To return to the question posed by the OP, "Evaluating a scientific claim," Karl Popper made some reached some conclusions about how to do that way back in 1920 He said the following:
- It is easy to obtain confirmations, or verifications, for nearly every theory--if we look for confirmations.
- Confirmations should count only if they are the result of risky predictions; that is to say, if, unenlightened by the theory in question, we should have expected an event which was incompatible with the theory--an event which would have refuted the theory.
- Every 'good' scientific theory is a prohibition: it forbids certain things to happen. The more a theory forbids, the better it is.
- A theory which is not refutable by any conceivable event is non-scientific. Irrefutability is not a virtue of a theory (as people often think) but a vice.

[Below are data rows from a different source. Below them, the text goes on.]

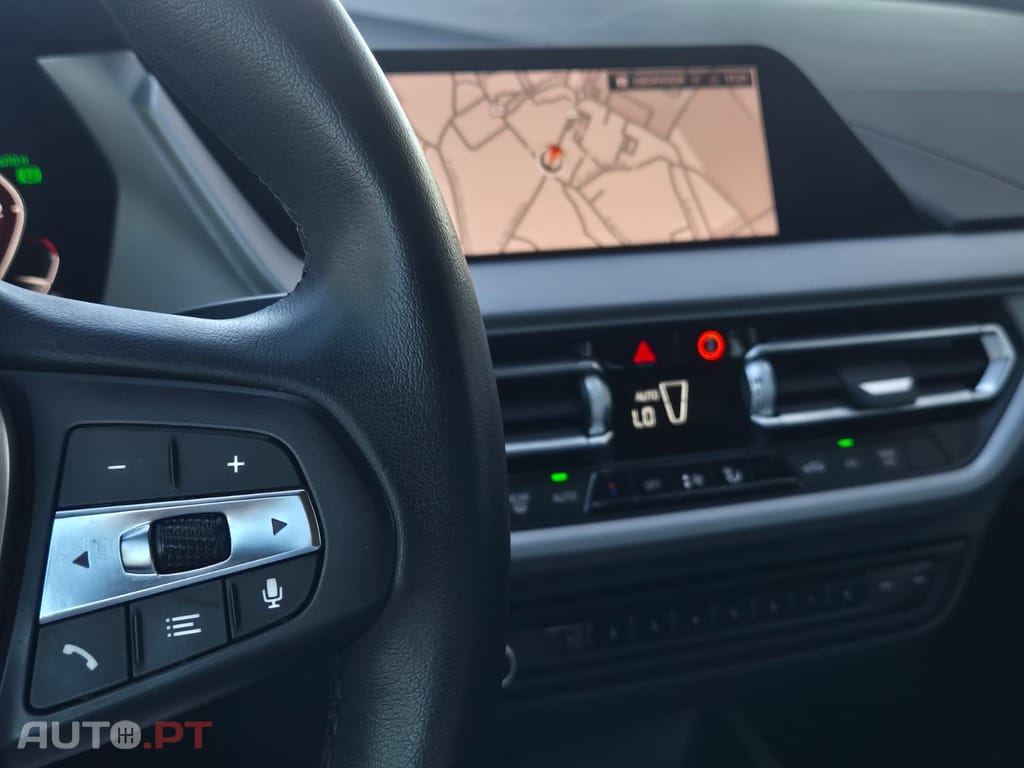 BMW 216 d Auto 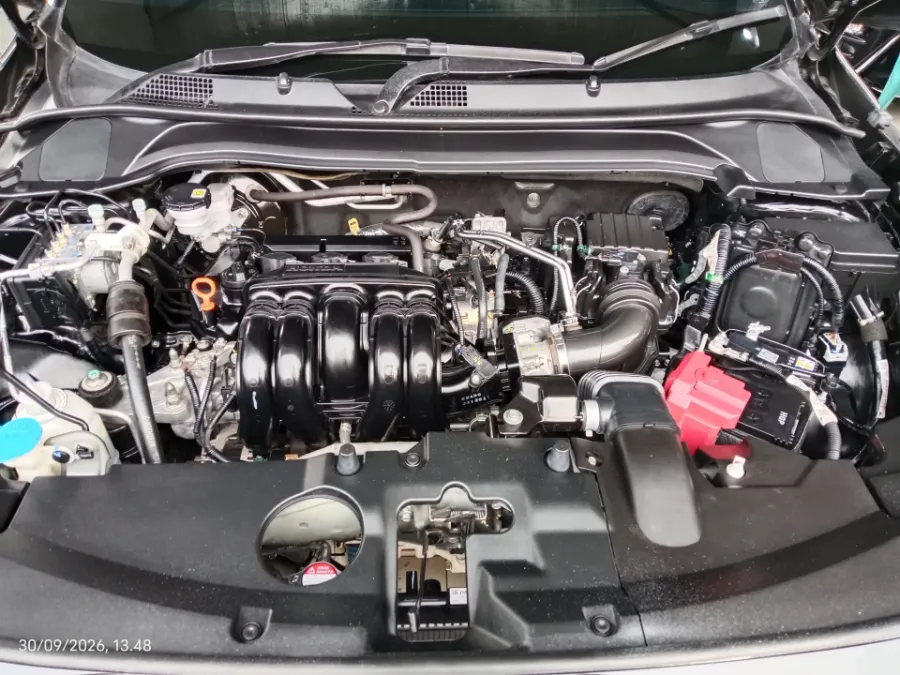 Foto Mobil Bekas Mesin Honda HR-V 1.5 SE tahun 2024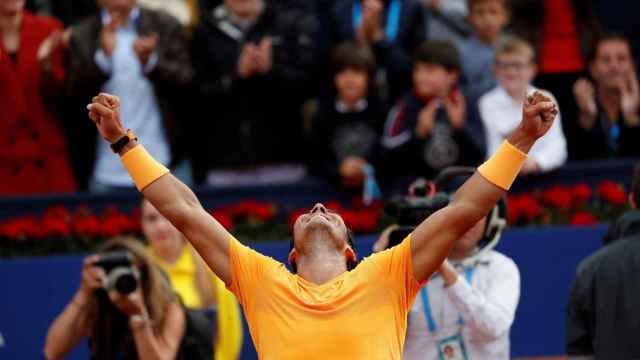 Rafa Nadal, celebrando eufórico su 11º título en el Trofeo Conde de Godó / EFE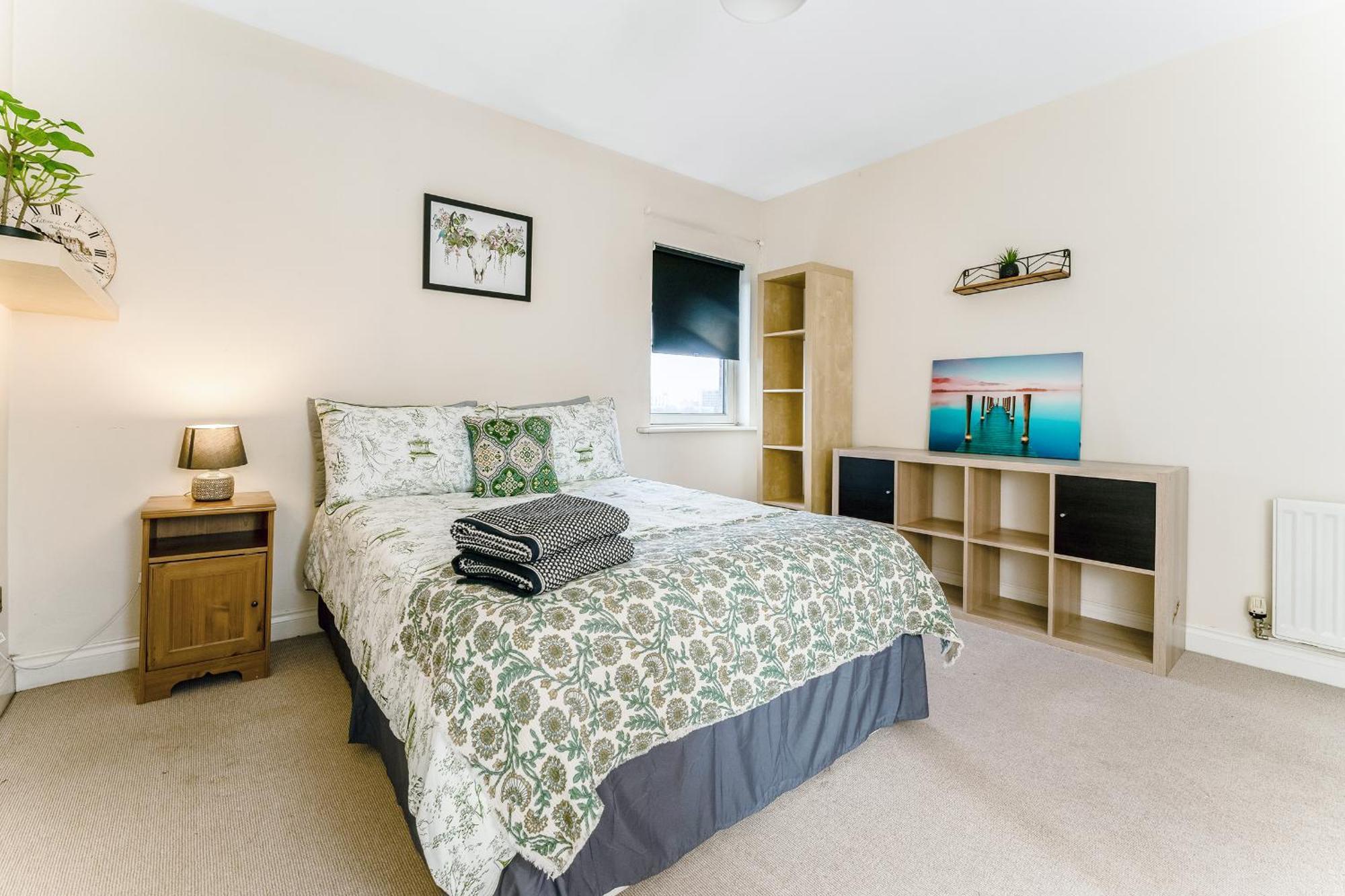 4bed Finnieston Skyhigh Duplex *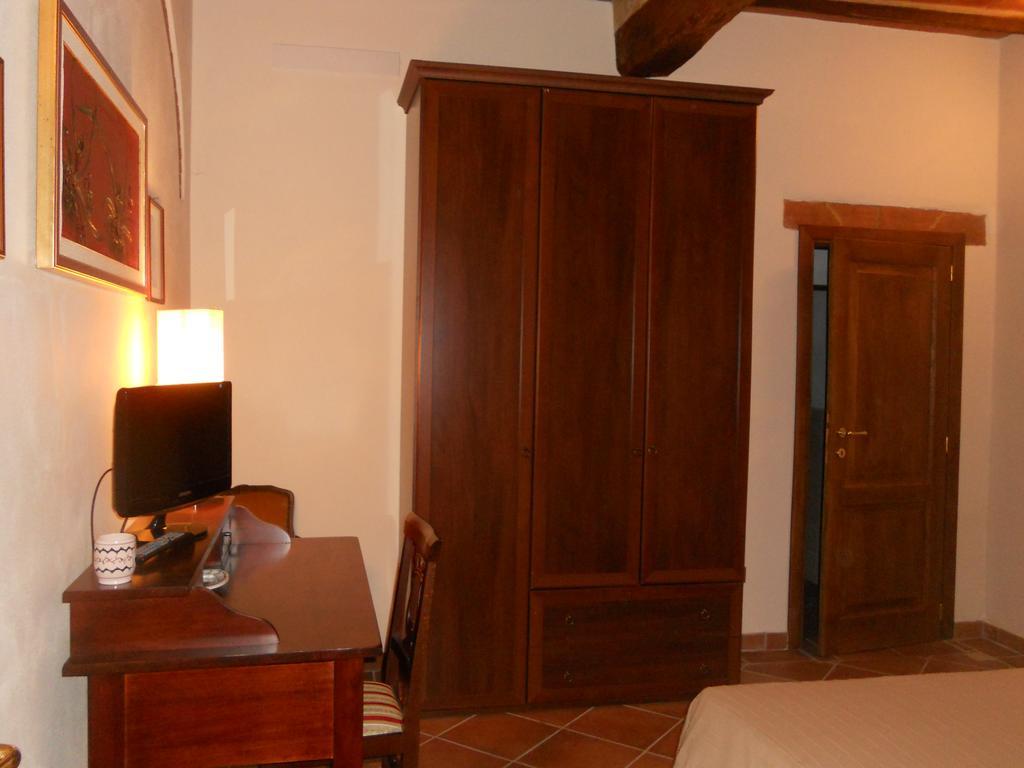 Casa Vacanze L'Oliveta Siena Exterior foto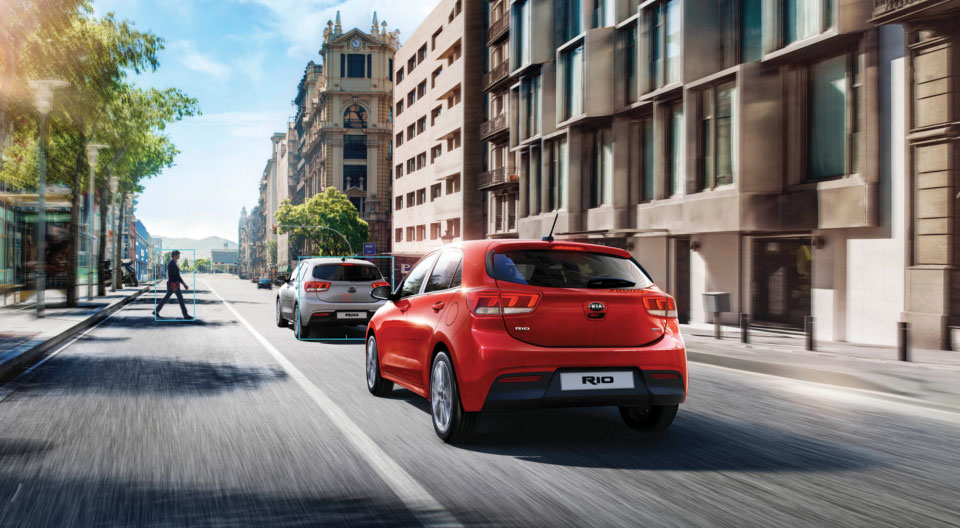 Kia Rio 2017 hatchback có giá 592 triệu đồng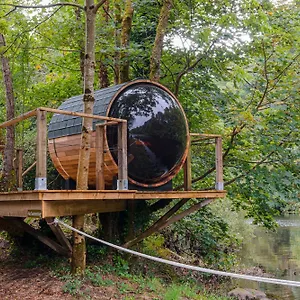 Glamping At The Grove, And Tente de luxe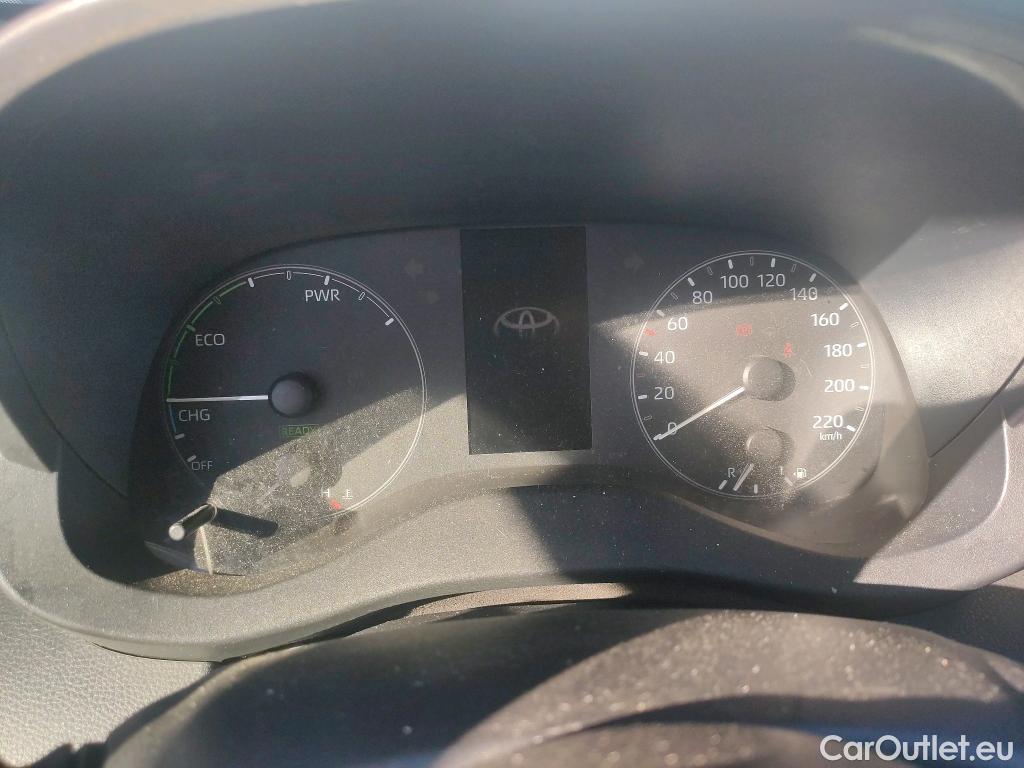  Toyota  Yaris TOYOTA Mantener activo un año 1.5 120H Business Plus #43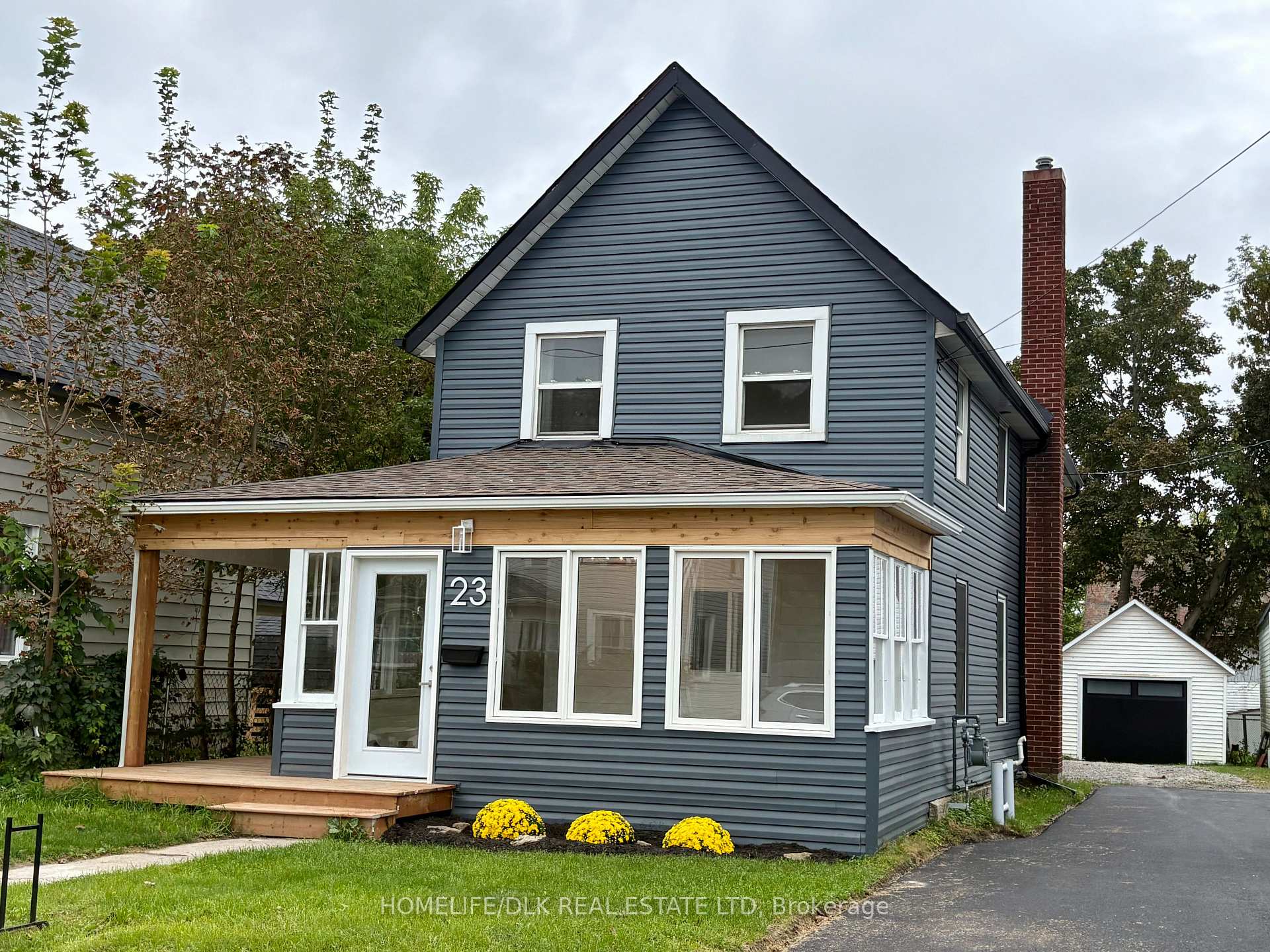 Photo 1 of 23 Strathcona Street, Smiths Falls, Smiths Falls — HOMEH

- Every genuine test of a theory is an attempt to falsify it, or to refute it. Testability is falsifiability; but there are degrees of testability: some theories are more testable, more exposed to refutation, than others; they take, as it were, greater risks.
- Confirming evidence should not count except when it is the result of a genuine test of the theory; and this means that it can be presented as a serious but unsuccessful attempt to falsify the theory.
- Some genuinely testable theories, when found to be false, are still upheld by their admirers--for example by introducing ad hoc some auxiliary assumption, or by re-interpreting the theory ad hoc in such a way that it escapes refutation. Such a procedure is always possible, but it rescues the theory from refutation only at the price of destroying, or at least lowering, its scientific status.
Popper summarizes by saying that "
...the criterion of the scientific status of a theory is its falsifiability, or
refutability, or
testability.
Other philosophers of science (Thomas Kuhn, Imre Lakatos, and Paul Thagard for example) have disagreed with Popper's requirement of falsifiability as a criterion of science. But I find it interesting that, even though each of these offer a different set of necessary conditions for genuine science, all reject 'creation science' as science.